Le Président Jack Lang, après avoir remercié les sénateurs qui ont répondu à son invitation, s'est félicité que l'audition de Sa Sainteté ait attiré une telle assistance, venant d'horizons politiques et culturels multiples. La France éprouve une sympathie active pour ce que représente le Dalaï Lama ! Sa tolérance personnelle, sa volonté de préserver le droit à la vie, le droit à la singularité de son peuple, sa sagesse, puisqu'il ne revendique pour le Tibet, jadis indépendant, qu'un régime d'autonomie, comme il en existe un peu partout dans le monde.

Il est souhaitable que la France soutienne davantage cette cause par un dialogue constructif avec la Chine afin que la voix de Sa Sainteté soit entendue.

Le Dalaï Lama a exposé qu'il se considérait lui-même comme un être humain égal à tous les autres. Tous les hommes détiennent le même potentiel de construction ou de destruction et l'avenir de l'humanité repose sur les épaules de chacun. On ne peut obtenir de paix authentique qui n'ait pour source une paix intérieure, condition d'une vie heureuse et joyeuse. Que l'on soit croyant ou non, l'altruisme est en chacun et le sens de la compassion humaine est la première règle de conduite.

En tant que moine bouddhiste, il a contribué à une plus grande harmonie entre les différentes traditions religieuses. La variété des religions est nécessaire car elle correspond à la diversité des personnes.

S'agissant du Tibet, le Dalaï Lama ne demande pas l'indépendance, mais une authentique autonomie qui serait mutuellement profitable. Le Tibet est matériellement très arriéré ; sa population est peu nombreuse ; s'il dispose de ressources minières et naturelles importantes, il n'a pas d'accès à la mer. Le Tibet a donc intérêt à se joindre à une grande nation. Le Gouvernement chinois, lui, a pour principal souci l'unité et la stabilité. Mais la politique du fusil est contreproductive. Une voie moyenne garantirait mieux la stabilité, ce qui suppose que les Tibétains obtiennent d'être souverains dans les domaines de la culture et de l'éducation.
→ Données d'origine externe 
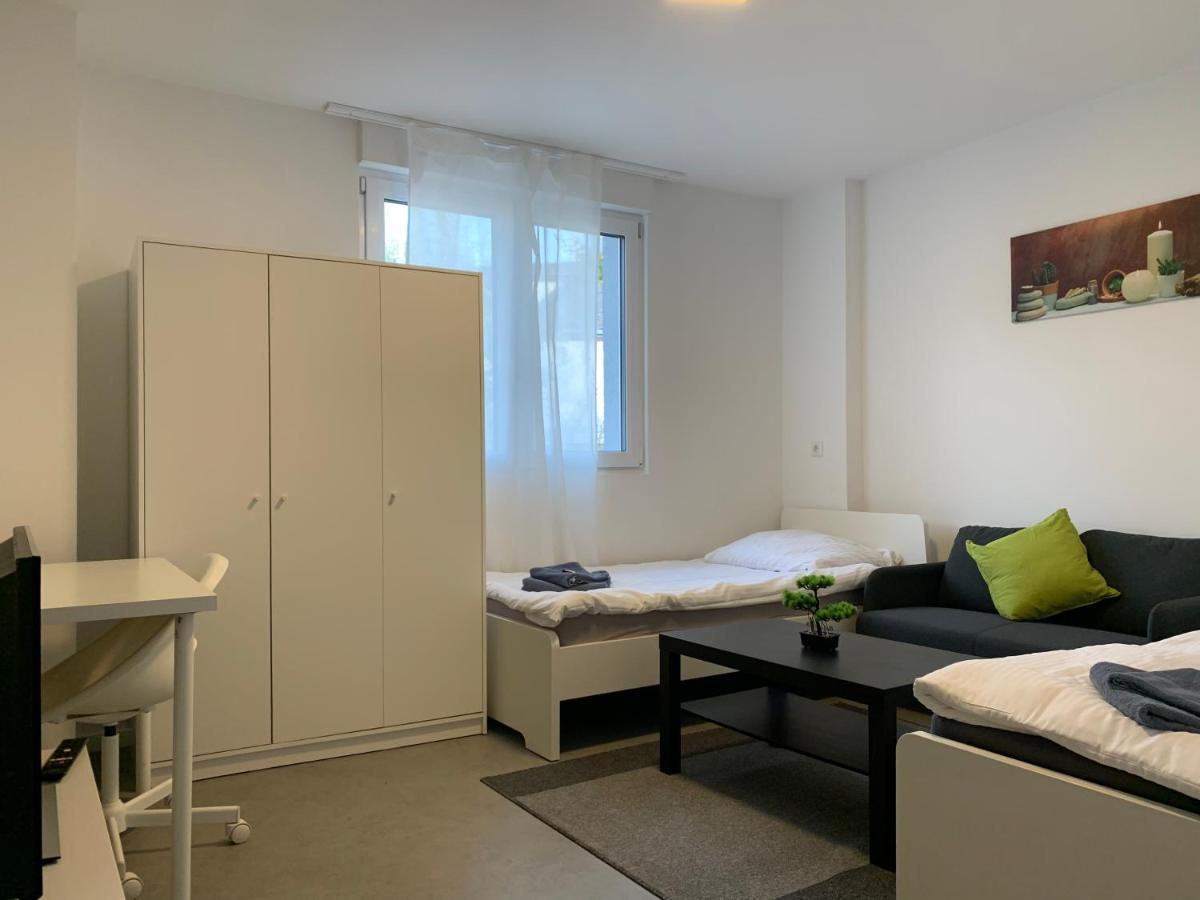 Cityapartment Platinum Mit Balkon Bzw,Terrasse Bielefeld Bagian luar foto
On y parviendra par le dialogue, en multipliant les contacts avec les autorités chinoises qui sont inspirées aujourd'hui par la suspicion.
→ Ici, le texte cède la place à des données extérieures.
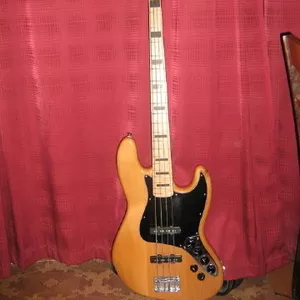 Продам бас-гитару Squier Vintage Modified Jazz Bass® '70s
Quant à la situation politique du Tibet, elle est bien meilleure que dans les années soixante et soixante-dix, car il bénéficie d'une prise de conscience plus vaste dans le monde extérieur et en Chine.

Mme Yvette Roudy a demandé le sentiment du Dalaï Lama sur la déclaration selon laquelle le XXIème siècle sera religieux ou ne sera pas.

M. Pierre Brana a évoqué les rencontres avec Mao Tsé Toung, relatées dans les mémoires du Dalaï Lama. Dans la mesure où le Président Mao semblait douter de la profondeur de son engagement religieux, pourquoi le Dalaï Lama porte-t-il une appréciation plutôt positive sur lui ?

Ayant relevé dans son plan de paix en cinq points, une préoccupation particulière pour les problèmes des déchets nucléaires et de l'environnement, il l'a interrogé sur l'ampleur des déforestations effectuées au Tibet.

Mme Marie-Hélène Aubert a évoqué les récents essais nucléaires indiens et pakistanais et a interrogé le Dalaï Lama sur ses positions face au désarmement. Elle s'est déclarée totalement solidaire de ses objectifs de non-violence et de désarmement, bien que dubitative quant à une mise en oeuvre rapide de cette politique.

M. Louis de Broissia, Président du Groupe d'études sur les problèmes du Tibet, a interrogé le Dalaï Lama sur le maintien de la politique de non-violence dans une communauté tibétaine tentée par d'autres voies ainsi qu'en attestent des exemples de suicides par le feu et de grèves de la faim. Il lui a demandé s'il pensait que le message "le Tibet existe" à travers l'action de sa personne, les médias, les films, parvenait jusqu'au Tibet.

Les autorités chinoises n'attendent-elles pas la disparition du Dalaï Lama pour régler définitivement le problème du Tibet ?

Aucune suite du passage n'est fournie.